Admitamos de qualquer maneira que esta contaminação de todas as imagens, televisão e cinema confundidos, obras-primas e porcarias lado a lado, possui algo de liberador. Ela nos vinga da obrigação de amar apenas os grandes filmes da história do cinema. Ela nos permite reivindicar nossas perversões. Ela nos obriga a reconsiderar nossa experiência real de espectador, e nos força a admitir que tal ou tal série- digamos, Chapeau Melon e Bottes de cuir ou Les Envahisseurs- teve um impacto bem maior sobre nós que a visão de tal obra reputada como maior- o Encouraçado Potenkim ou Les enfants du Paradis. Deste ponto de vista, a América, e em particular seus cineastas, possuem uma certa vantagem sobre nós. Depois da Nouvelle vague, que tinha finalmente o entusiasmo e a inocência , segura de si mesma e iconoclasta das gerações inaugurais, a cinefilia tornou-se na França algo paralisante, e de certa maneira ainda o é. Enquanto que os cineastas americanos da geração de Joe Dante, John Carpenter ou ainda Tim Burton, sem esquecer Tarantino, jamais foram constrangidos pelo peso de suas referências da ficção científica dos anos 50, de Jack Arnold, Roger Corman ou Mario Bava.
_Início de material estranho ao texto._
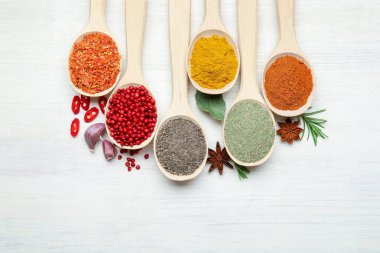 Beyaz ahşap masadaki kaşıklardaki farklı aromatik baharatlar.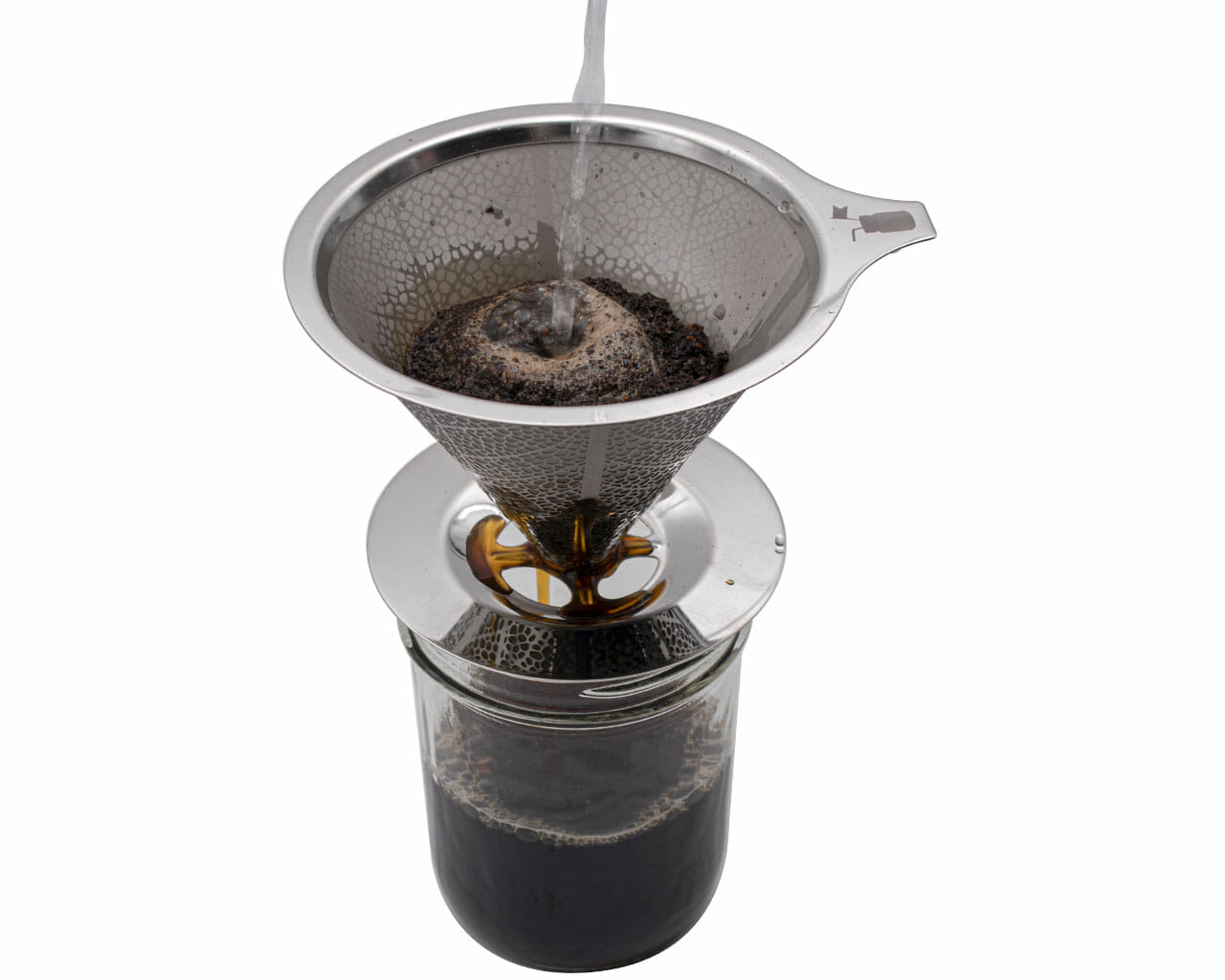 Water is poured through the Mason Jar Lifestyle Pour Over Drip Coffee Stainless Steel Filter filled with ground coffee, set atop a mason jar, to demonstrate manual pour-over brewing.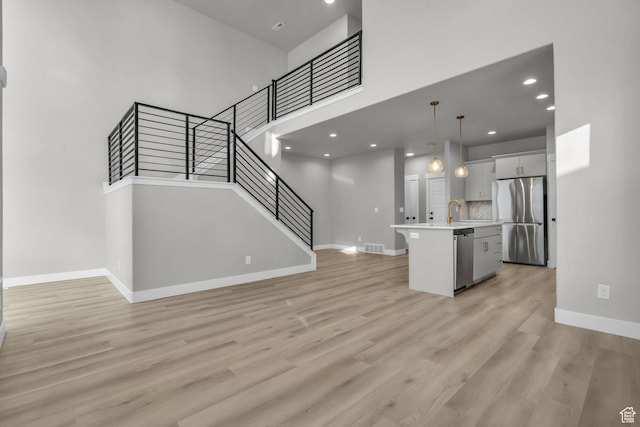 kitchen featuring light wood-type flooring, baseboards, light countertops, a center island with sink, and stainless steel appliances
O cinema e a televisão francesas falharam em nos oferecer objetos supostos menores que são com freqüência menos castradores que as referências maiores. Os Tontons flinguers ou Vidocq não são forçosamente suficientes.
Mas o fim desta hierarquização, verdadeira desregulamentação em matéria de valores cinefílicos, possui também evidentes efeitos perversos. Ela possui a tendência a elidir todas as diferenças e a colocar no mesmo nível todos os filmes, a nos fazer crer que a arte de Raoul Walsh e o esforço de Willy Rozier são da mesma natureza. É um discurso tão perigoso que certos trechos da história são um tanto ausentes desta oferta à disposição generalizada: por exemplo, a modernidade dos anos 60 e 70 é sem nenhuma dúvida a tendência mais negligenciada dos “bancos de dados” tele-vídeo. Não vemos também filmes de Glauber Rocha, Marco Bellocchio ou Robert Kramer, nestas novas telas.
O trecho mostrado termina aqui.